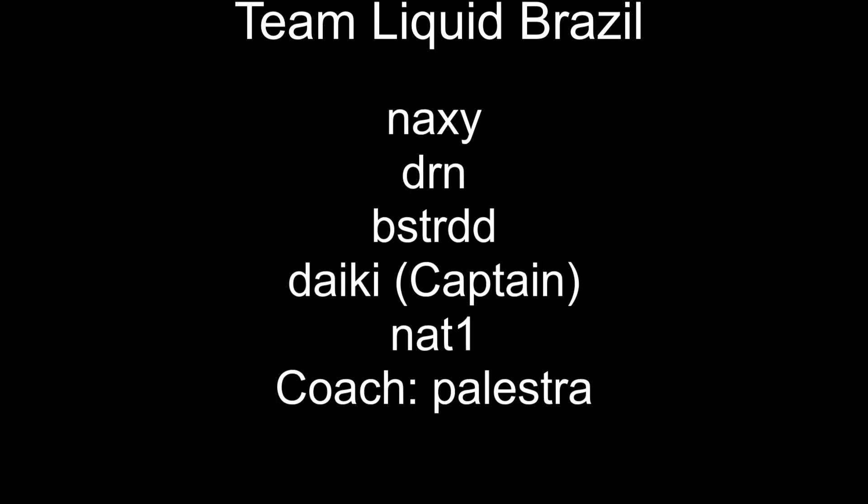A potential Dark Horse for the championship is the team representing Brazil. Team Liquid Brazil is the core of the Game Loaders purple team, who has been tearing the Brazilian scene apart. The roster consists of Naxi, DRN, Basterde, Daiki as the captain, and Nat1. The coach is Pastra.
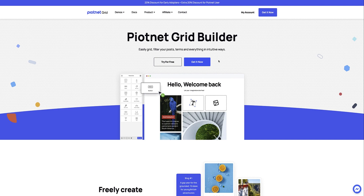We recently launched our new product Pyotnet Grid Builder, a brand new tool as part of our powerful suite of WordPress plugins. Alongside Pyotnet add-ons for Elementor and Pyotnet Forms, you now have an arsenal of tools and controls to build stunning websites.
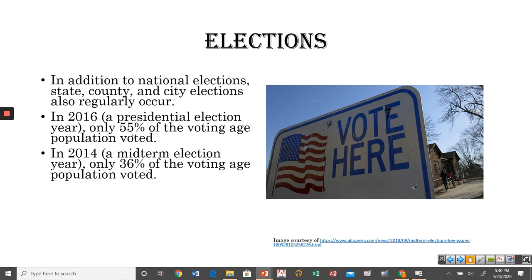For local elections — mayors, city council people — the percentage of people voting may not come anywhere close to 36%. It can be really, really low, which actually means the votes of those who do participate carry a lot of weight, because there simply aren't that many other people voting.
--
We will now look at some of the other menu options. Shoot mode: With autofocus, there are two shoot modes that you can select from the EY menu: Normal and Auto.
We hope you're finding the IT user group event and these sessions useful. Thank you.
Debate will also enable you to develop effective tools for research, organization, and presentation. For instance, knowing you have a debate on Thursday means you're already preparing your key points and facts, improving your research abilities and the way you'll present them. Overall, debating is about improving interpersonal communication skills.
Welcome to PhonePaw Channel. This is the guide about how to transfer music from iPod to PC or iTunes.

The task —
Extract from the listing above the lines between the line containing "Debate will also" and the line containing "Welcome to PhonePaw", keeping both of those lines. Output nothing else.

Completed task —
Debate will also enable you to develop effective tools for research, organization, and presentation. For instance, knowing you have a debate on Thursday means you're already preparing your key points and facts, improving your research abilities and the way you'll present them. Overall, debating is about improving interpersonal communication skills.
Welcome to PhonePaw Channel. This is the guide about how to transfer music from iPod to PC or iTunes.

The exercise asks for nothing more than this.